文/青裳
春天到處都是新鮮的花和綠意,似可放下許多悲涼和不如意。
一早去附近的藥輔抓藥,店員是兩個和我年紀相仿的女子,她們評起我格子衣和灰色的微哈褲,心情好時亦如她們所言,比實際年紀小十歲不成問題。但內在的慌亂和滄老只自己知道。
在熟知的人前,我越來越少的語言,能省都省了,省了是非亦省了熱鬧。
陰天,反復聽那首恰克與飛鳥的say yes。仿佛回到十年前。

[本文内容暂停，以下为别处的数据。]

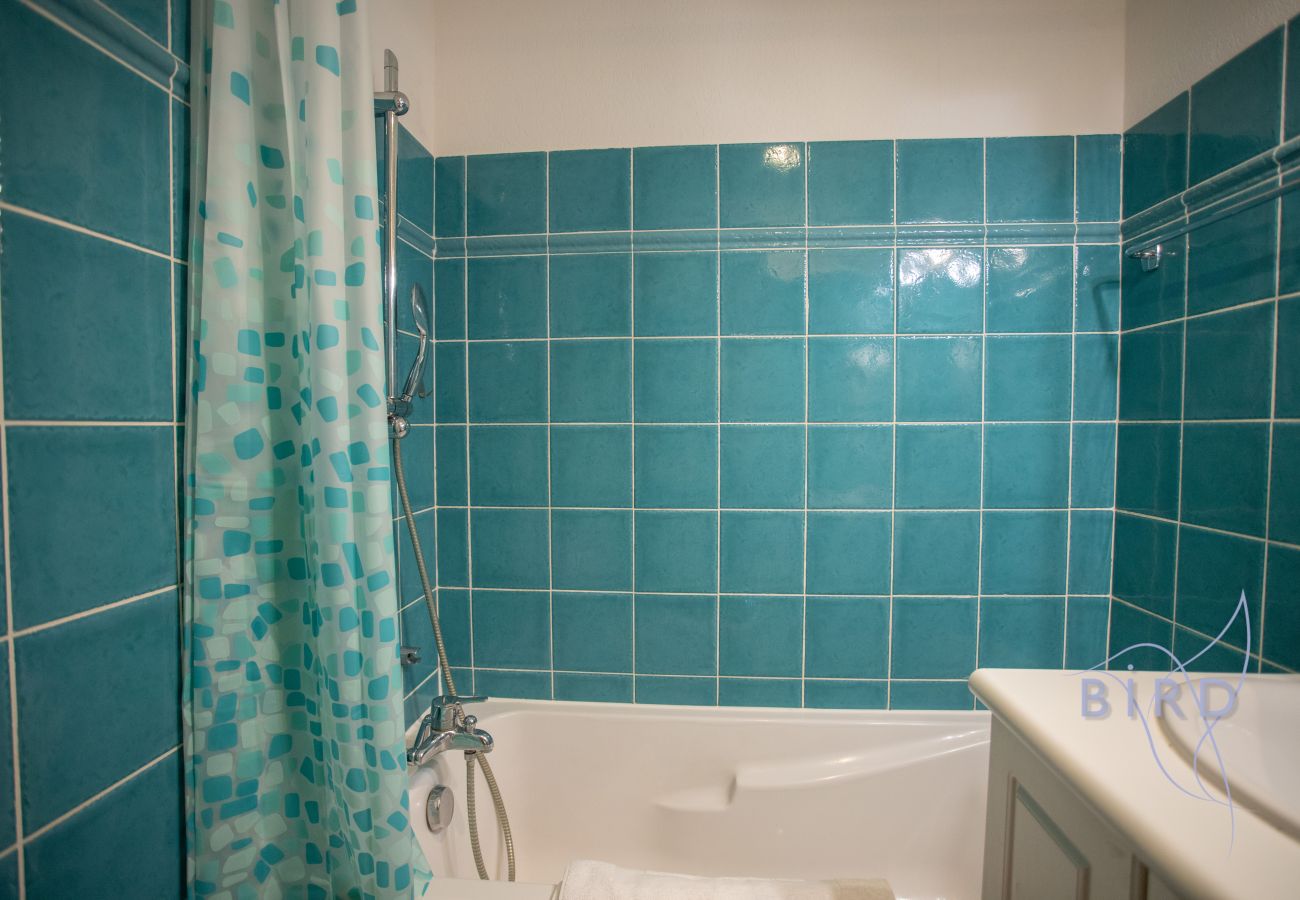 Appartement à Tourrettes - Charmante maison jumelé avec piscine commune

我知道,很多時候都是自己在自欺欺人,當你和塵世越來越和協,不是力不從心,就是已不得不妥協。人,只是一個人的地老天荒。放下一些執念,有些許無奈和酸澀在其中,只自己知曉,何必示人,惹人白眼,嘲笑或譏諷。
這個季節正是蘋果花開的時候。也是葉芝和毛特.崗初見時。他這樣寫她:她佇立窗畔,身旁盛開著一大團蘋果花;她光彩奪目,仿佛自身就是灑滿了陽光的光瓣。"從此,蘋果花成了他畢生愛戀的象征,愛意沾滿蘋果花的香味,注入繽紛的詩行,讓人感動。
12年后,他依然回憶她穿著白衣裙修剪蘋果花枝的場景:“花已暗淡,她摘下暗淡的花,在飛蛾的時節,把它藏在懷里。”站在樹下,風一吹,滿地濃郁而又憂傷的花瓣。
但,如實際人生,默念與回憶越少越好,很佩服七十多歲的杜拉斯,還能寫出《情人》。實際在鮮衣怒馬的遇見,最終抵達水岸的兩端,音訊全無。許多事被人一語成讖,沒有什么是永垂不朽,歲月最后并未成全彼此,卻只成全了滄老時間。一些話沒說,就不要說了,彼此或只是過客與離人,再無別的其它。